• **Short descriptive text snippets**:
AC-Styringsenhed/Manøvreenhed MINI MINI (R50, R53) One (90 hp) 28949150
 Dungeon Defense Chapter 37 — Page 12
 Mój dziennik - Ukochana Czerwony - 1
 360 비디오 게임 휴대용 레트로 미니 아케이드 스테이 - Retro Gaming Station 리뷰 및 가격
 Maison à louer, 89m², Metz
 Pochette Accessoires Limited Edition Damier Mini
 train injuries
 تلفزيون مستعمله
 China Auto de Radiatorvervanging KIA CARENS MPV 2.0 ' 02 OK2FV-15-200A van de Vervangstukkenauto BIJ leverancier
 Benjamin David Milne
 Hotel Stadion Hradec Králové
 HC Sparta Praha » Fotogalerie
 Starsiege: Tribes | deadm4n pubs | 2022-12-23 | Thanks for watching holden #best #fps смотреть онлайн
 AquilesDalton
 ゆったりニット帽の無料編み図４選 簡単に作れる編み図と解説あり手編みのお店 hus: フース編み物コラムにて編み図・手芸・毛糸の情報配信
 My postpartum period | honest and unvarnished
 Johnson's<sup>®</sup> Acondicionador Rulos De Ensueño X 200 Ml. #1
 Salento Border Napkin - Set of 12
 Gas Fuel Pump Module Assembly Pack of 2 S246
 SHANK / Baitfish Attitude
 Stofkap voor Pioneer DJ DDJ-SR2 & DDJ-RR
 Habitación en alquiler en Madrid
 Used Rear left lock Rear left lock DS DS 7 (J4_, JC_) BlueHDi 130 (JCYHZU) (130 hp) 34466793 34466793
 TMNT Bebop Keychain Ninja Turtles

• **EXERCISE BRIEF**: Top to bottom, set down the entries above word for word.

• **TASK SOLUTION**:
AC-Styringsenhed/Manøvreenhed MINI MINI (R50, R53) One (90 hp) 28949150
 Dungeon Defense Chapter 37 — Page 12
 Mój dziennik - Ukochana Czerwony - 1
 360 비디오 게임 휴대용 레트로 미니 아케이드 스테이 - Retro Gaming Station 리뷰 및 가격
 Maison à louer, 89m², Metz
 Pochette Accessoires Limited Edition Damier Mini
 train injuries
 تلفزيون مستعمله
 China Auto de Radiatorvervanging KIA CARENS MPV 2.0 ' 02 OK2FV-15-200A van de Vervangstukkenauto BIJ leverancier
 Benjamin David Milne
 Hotel Stadion Hradec Králové
 HC Sparta Praha » Fotogalerie
 Starsiege: Tribes | deadm4n pubs | 2022-12-23 | Thanks for watching holden #best #fps смотреть онлайн
 AquilesDalton
 ゆったりニット帽の無料編み図４選 簡単に作れる編み図と解説あり手編みのお店 hus: フース編み物コラムにて編み図・手芸・毛糸の情報配信
 My postpartum period | honest and unvarnished
 Johnson's<sup>®</sup> Acondicionador Rulos De Ensueño X 200 Ml. #1
 Salento Border Napkin - Set of 12
 Gas Fuel Pump Module Assembly Pack of 2 S246
 SHANK / Baitfish Attitude
 Stofkap voor Pioneer DJ DDJ-SR2 & DDJ-RR
 Habitación en alquiler en Madrid
 Used Rear left lock Rear left lock DS DS 7 (J4_, JC_) BlueHDi 130 (JCYHZU) (130 hp) 34466793 34466793
 TMNT Bebop Keychain Ninja Turtles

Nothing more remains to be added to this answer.